Fernand Braudel hat mit dem Blick auf die unterschiedlichen Zeitdimensionen von Geschichte drei durch Dauer und Dynamik voneinander verschiedene Ebenen beschrieben: »L’histoire naturelle«, das ist jener Bereich der Ereignisse, der den Rhythmen und Veränderungen der Natur folgt und sehr lange dauernde und in der Regel flache Entwicklungskurven aufweist. »L’histoire sociale«, das ist der Bereich der sozialen Strukturen und Entwicklungen, der Mentalitäten, Symbole und Gesten. Die Entwicklungen in diesem Bereich dauern im Vergleich zu einem Menschenleben viel länger; sie haben im Hinblick auf unseren Zeitbegriff eine »longue durée«. Und schließlich sieht er in der »histoire événementielle« den Bereich der sich rasch wandelnden Ereignisoberfläche des politischen Lebens.

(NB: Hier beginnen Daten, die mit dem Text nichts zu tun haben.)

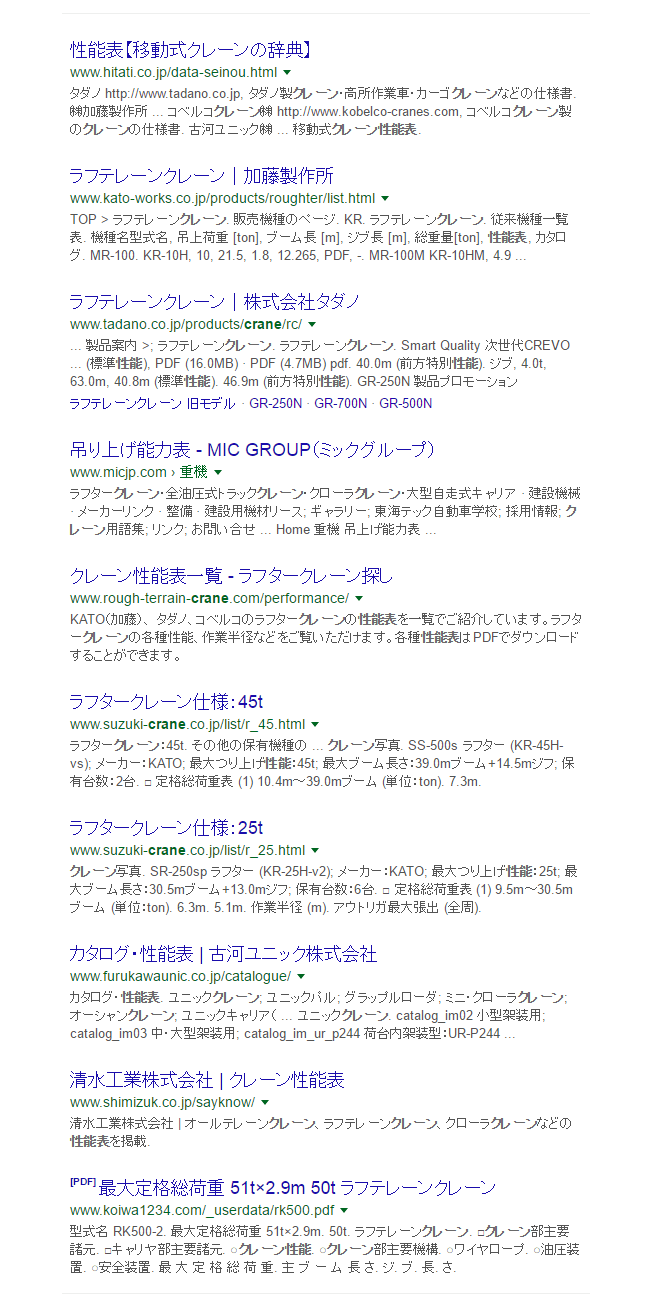 クレーン　性能表パソコンの検索結果
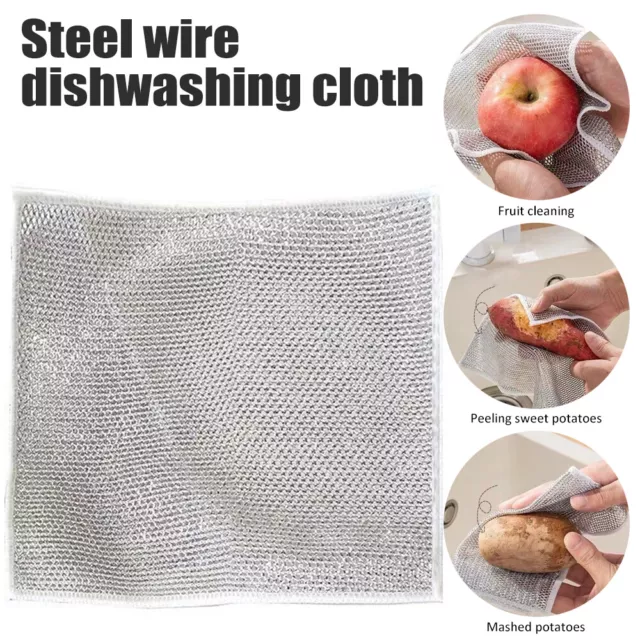 MULTI-PURPOSE WIRE DISHWASHING Cloth with Crevice Brush Non-Scratch for Wet  Dry $11.54 - PicClick AU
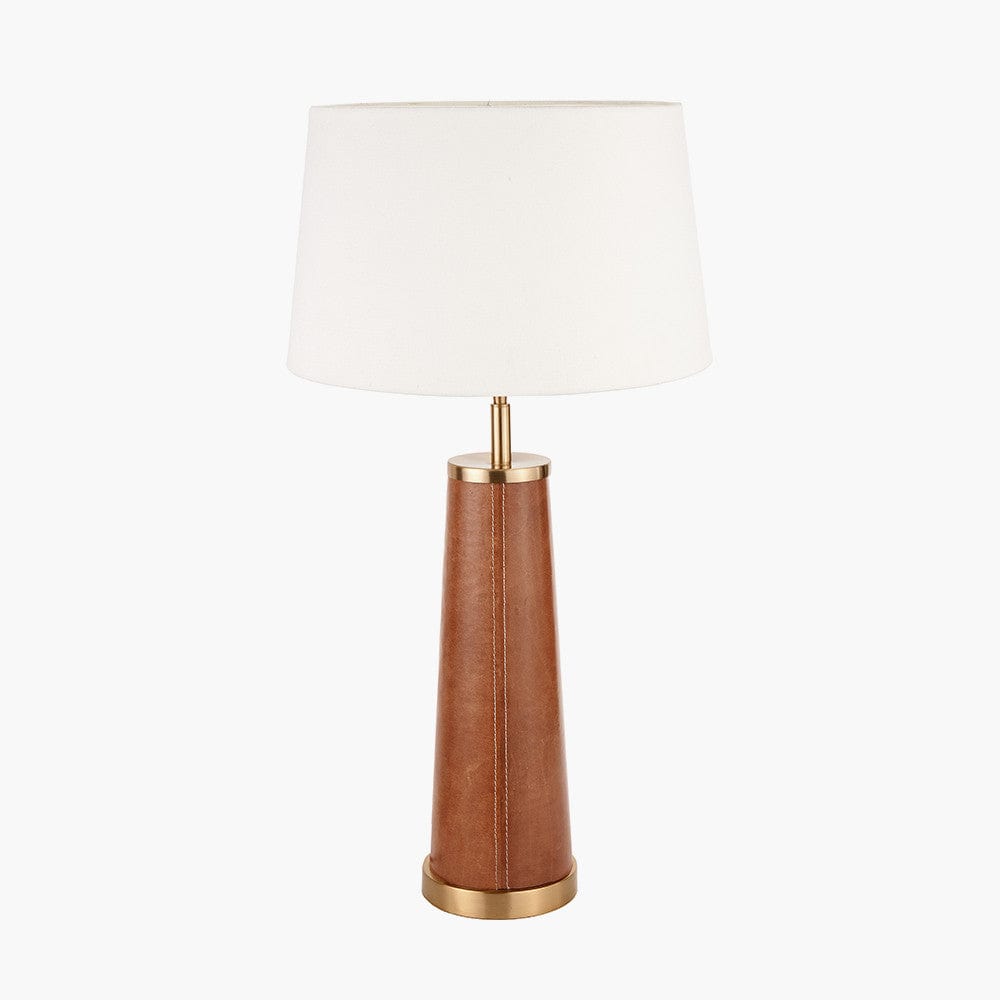 Pacific Lifestyle Lighting Laurence Tan Leather and Brass Table Lamp House of Isabella UK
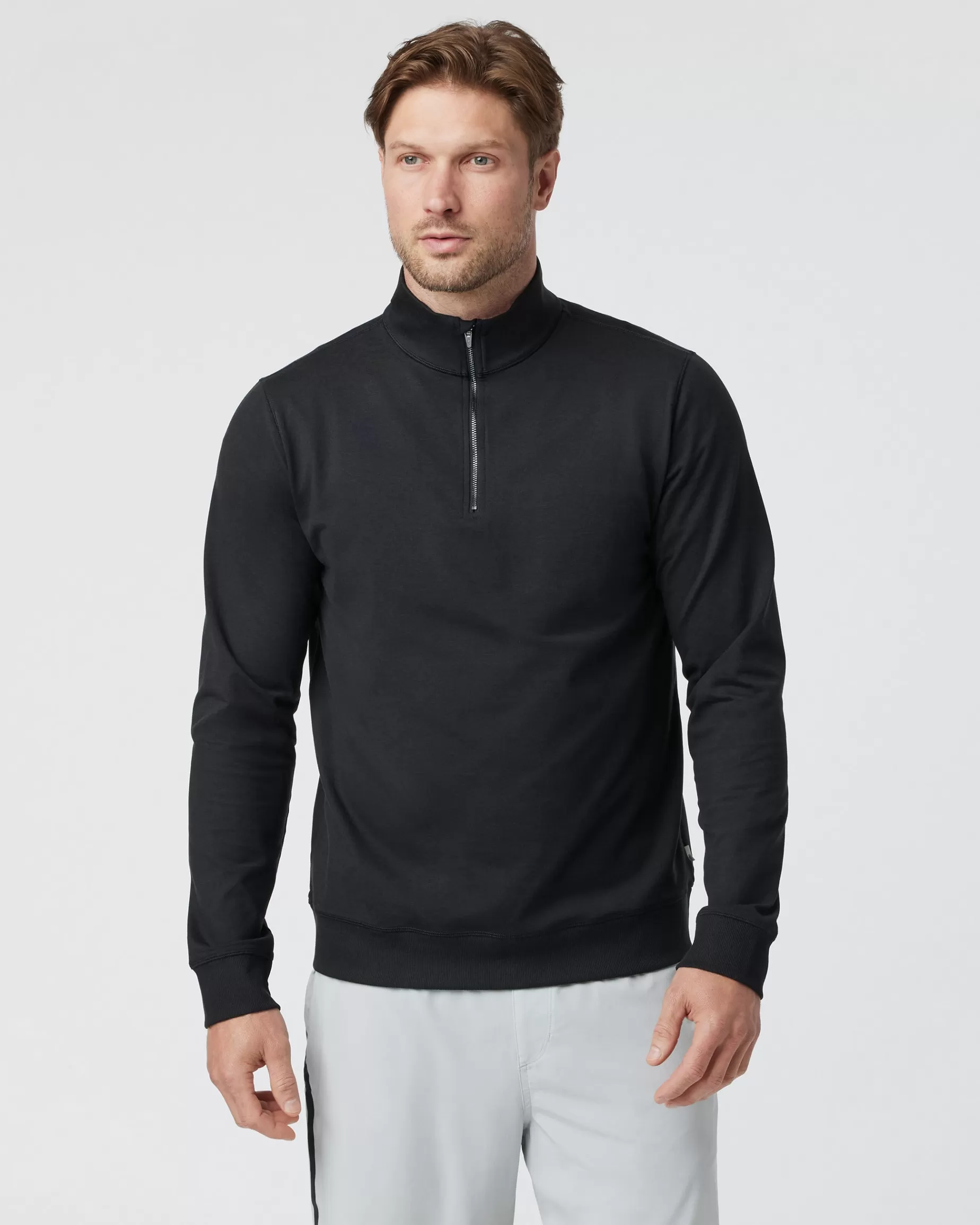 Vuori Coronado Half Zip BlackHeather Flash Sale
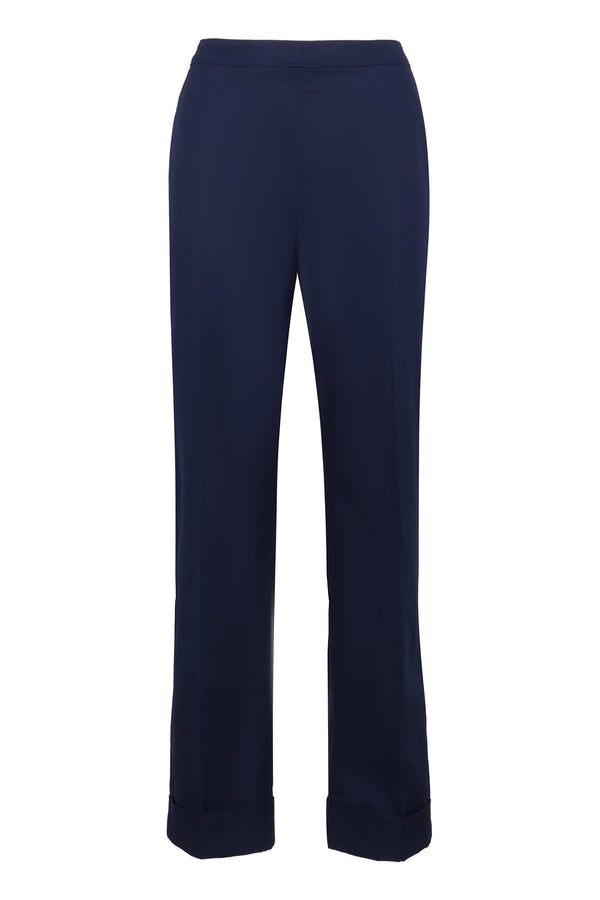 High-Rise Cotton Trousers Blue Straight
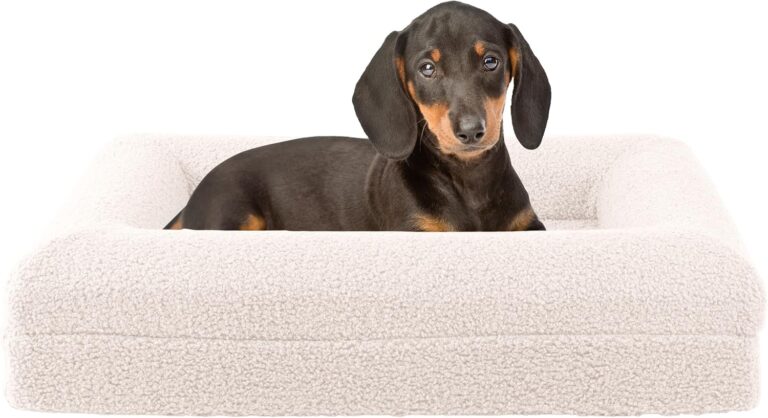 PETMAKER Orthopedic Pet Bed - 26in Small Dog Bed with Supportive Bolster, Nonslip Bottom, and Removable Washable Cover - Memory Foam Puppy Bed for Small Dogs and Cats - Dog Products (Cream)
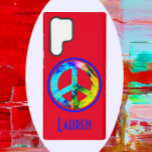 Bold Peace Sign Samsung Galaxy S22 Ultra Case<br><div class="desc">Colorful bold peace sign,  in flowing bright ink colors,  adorn this vibrant phone case.  Color choice available for background colors.</div>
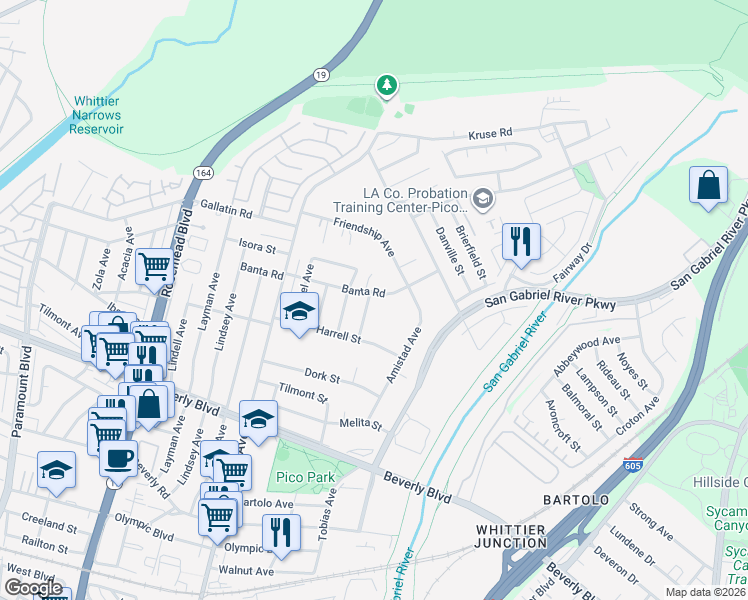 map of restaurants, bars, coffee shops, grocery stores, and more near 9485 Banta Road in Pico Rivera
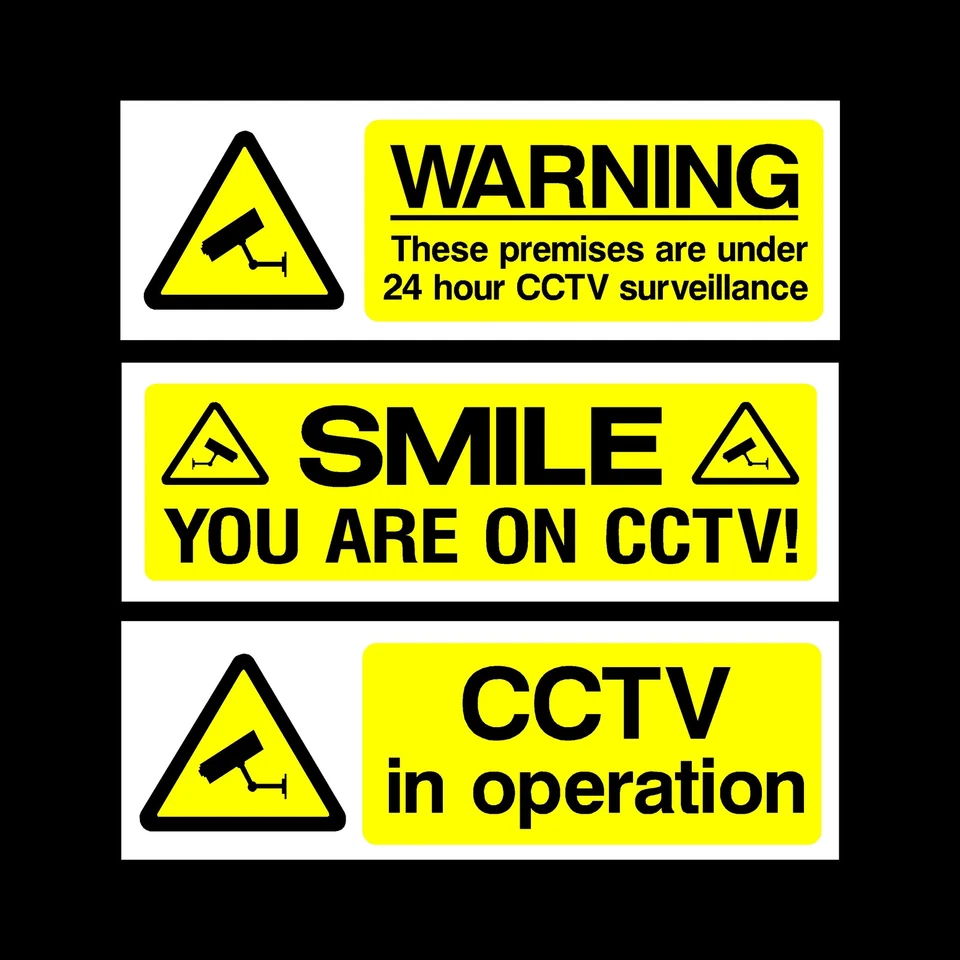 HEALTH&SAFETYDIRECT CCTV Security Camera Plastic Sign, Sticker - All Materials - Choose Your Design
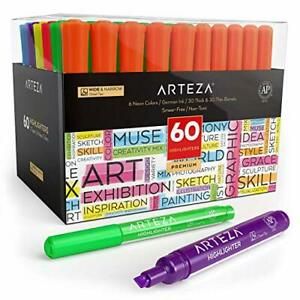 Highlighters Set of Bulk Pack of Colored Markers, Wide and 60 Assorted Colors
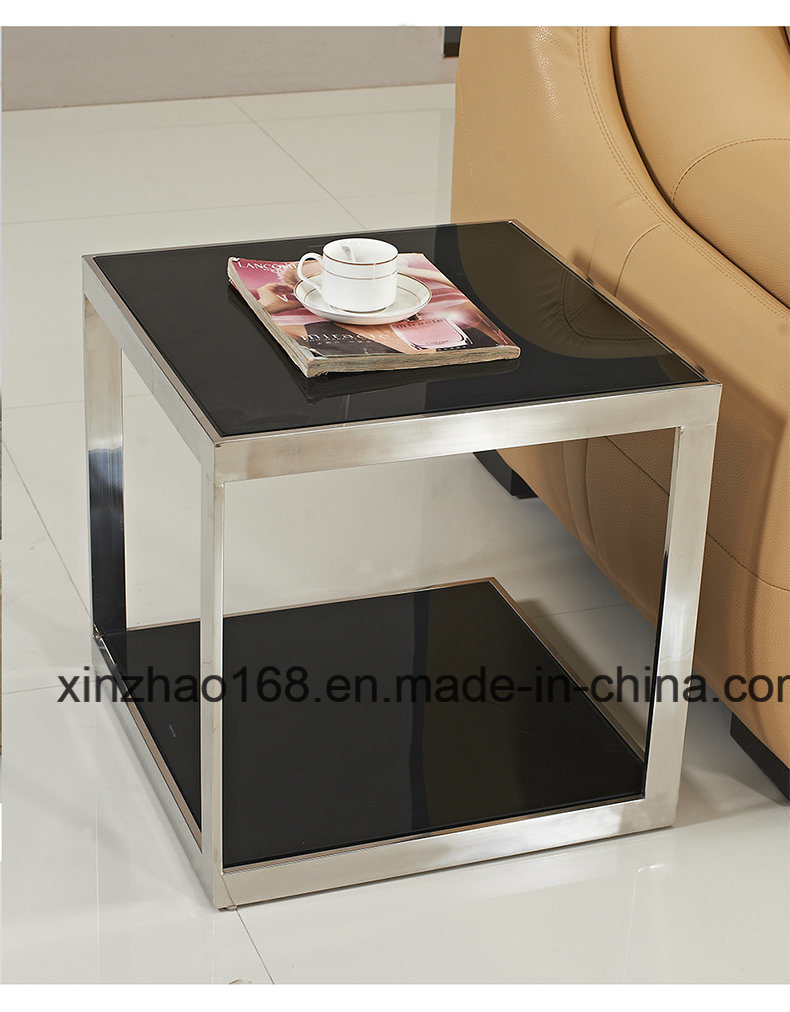 Black coffee Table Stainless Steel Leg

Die Wiener Vorlesungen analysieren mit dem Wissen um diese unterschiedlichen zeitlichen Bedingungshorizonte der Gegenwart die wichtigen Probleme, die wir heute für morgen bewältigen müssen. Wir sind uns bewusst, dass die Wirklichkeit der Menschen aus materiellen und diskursiven Elementen besteht, die durch Wechselwirkungsverhältnisse miteinander verbunden sind. Die Wiener Vorlesungen thematisieren die gegenwärtigen Verhältnisse als Fakten und als Diskurse. Sie analysieren, bewerten und bilanzieren, befähigen zur Stellungnahme und geben Impulse für weiterführende Diskussionen.

Im Jahr 1994, kurz nach dem Erscheinen ihres Buches »weiter leben. Eine Jugend« war Ruth Klüger das erste Mal Referentin bei den Wiener Vorlesungen. Sie sprach damals über »Missbrauch der Erinnerung: zum heutigen Umgang mit den NS-Verbrechen«. Seither war sie bis dato zu zehn Vorträgen bei den Wiener Vorlesungen, die alle sprach- und kulturwissenschaftliche Analysen zum Genius Loci anstellten. Ruth Klüger gehört zum kleinen Kreis der »permanent fellows« des Dialogforums der Stadt Wien.